Realivox is a voice synthesizer.

About
The software allows editing and adjustment of sounds. The software comes in two forms, although both aim at achieving similar goals. It is also able to work with Kontakt.

Products
Realivox Ladies: This is a multi-pack version with 5 female vocals each with a different vocal style- Cheryl (airy vocal designed for film cues), Teresa (soprano opera singer), Patty (pop singer and ethnic music), Julie (full range) and Toni (RnB).  Unlike Blue, Ladies is focused on simple 32 key sound samples such as "ah". Due to every instance using a voice selection option, it is possible to build up the vocals to create a choir of sounds using the five vocals.  The package comes as a "lite" or "full" version, with the difference being that Teresa is absent in the lite version.  The package has also been updated to version 2 since original release. The updated version contains double the amount of articulations as the original. The update was done with fresh recordings from the original singers.
Realivox - Blue: This is a classical style singer pack with a solo female vocalist. In contrast to the "Realivox Ladies" product, Blue is a more complex package with advanced features. Her vocal is complex with 12,000 samples with 32 samples per sound covering two and a half octaves of singing vocal result, while closing consonants have 192 samples for certain sounds such as "t".  All six vowels contain legato results, this is also included for humming sounds sound as "mm". She also contains polyphonic legato capabilities.

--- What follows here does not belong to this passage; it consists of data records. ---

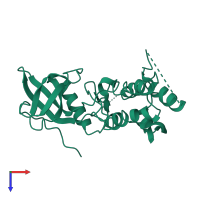 Monomeric assembly 10 of PDB entry 2jbp coloured by chemically distinct molecules, top view.
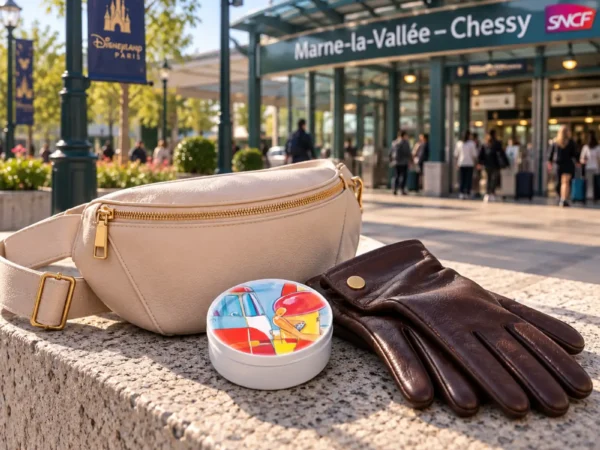 Boîte de bonbons pastilles à la fraise PmP fermée avec un sac banane et des gants en cuir à Marne-la-Vallée.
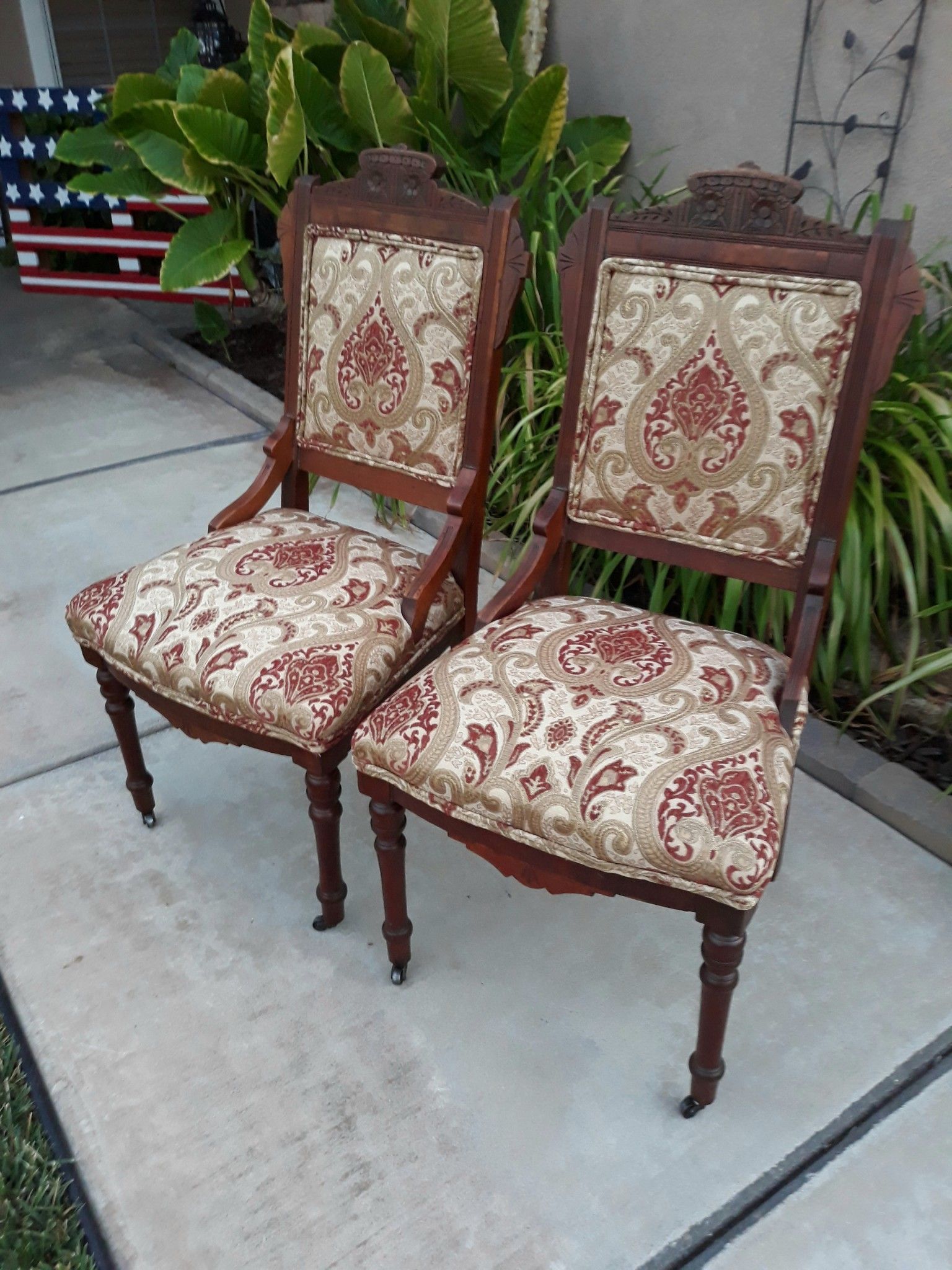 BEAUTIFUL PAIR OF ANTIQUE CARVED WOOD SLIPPER CHAIRS (CIRCA EARLY 1900'S)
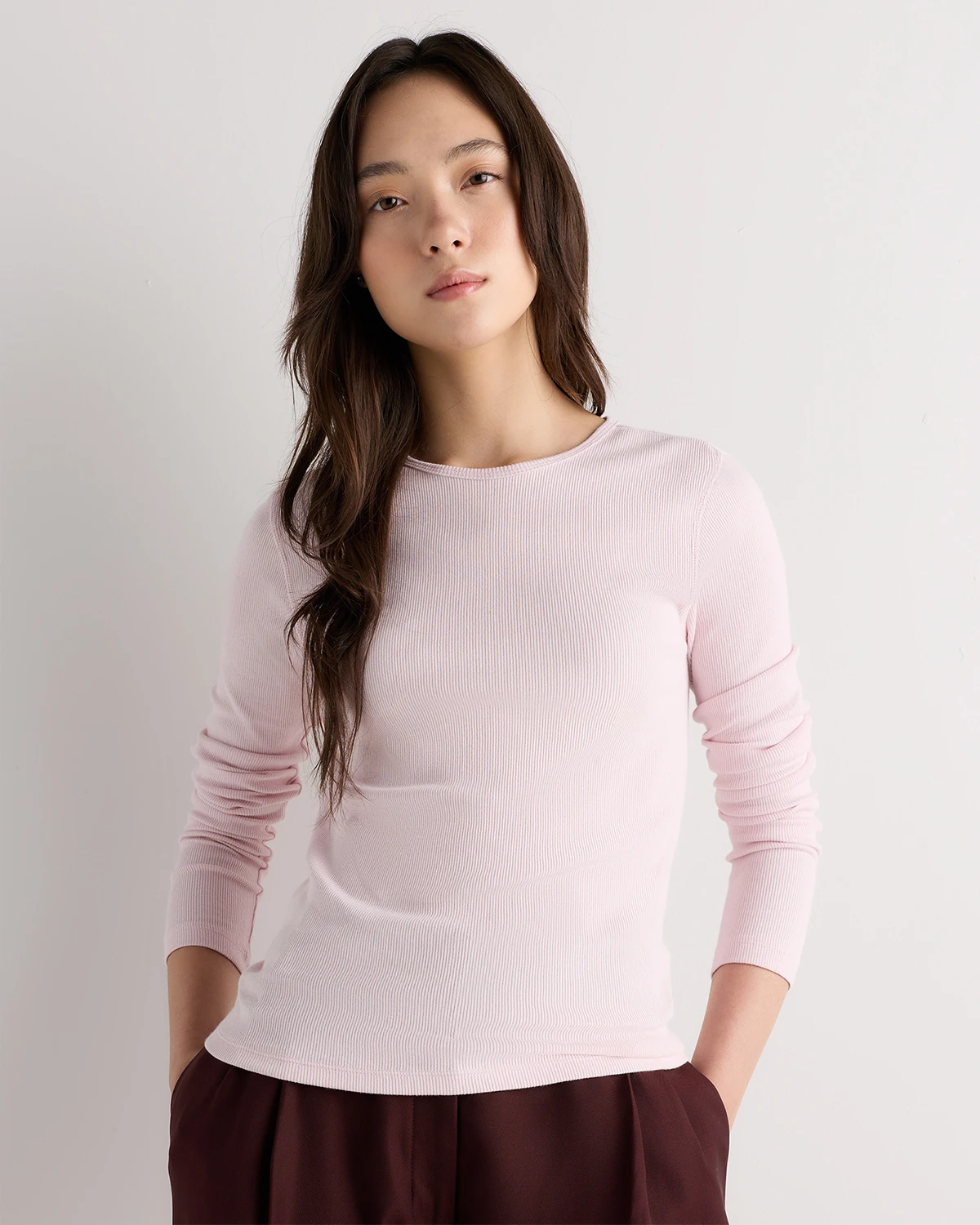 Organic Cotton Micro-Rib Long Sleeve Tee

She is designed to be a go-between vocal and has realistic tones. The samples are combined to build words, with the transition between the sounds being almost invisible. She was released on May 26, 2014.

Reception
Richard Leiter, at Keyboard magazine, commented that both products give an uncanny realistic result that had an "effortless" learning curve. He, however, commented that singers like Adele need not worry about the package's results. He felt the product was best suited for solo lines and backup singers, offering a product at the price that would cost more to do the same effort with real singers for a single vocal recording session.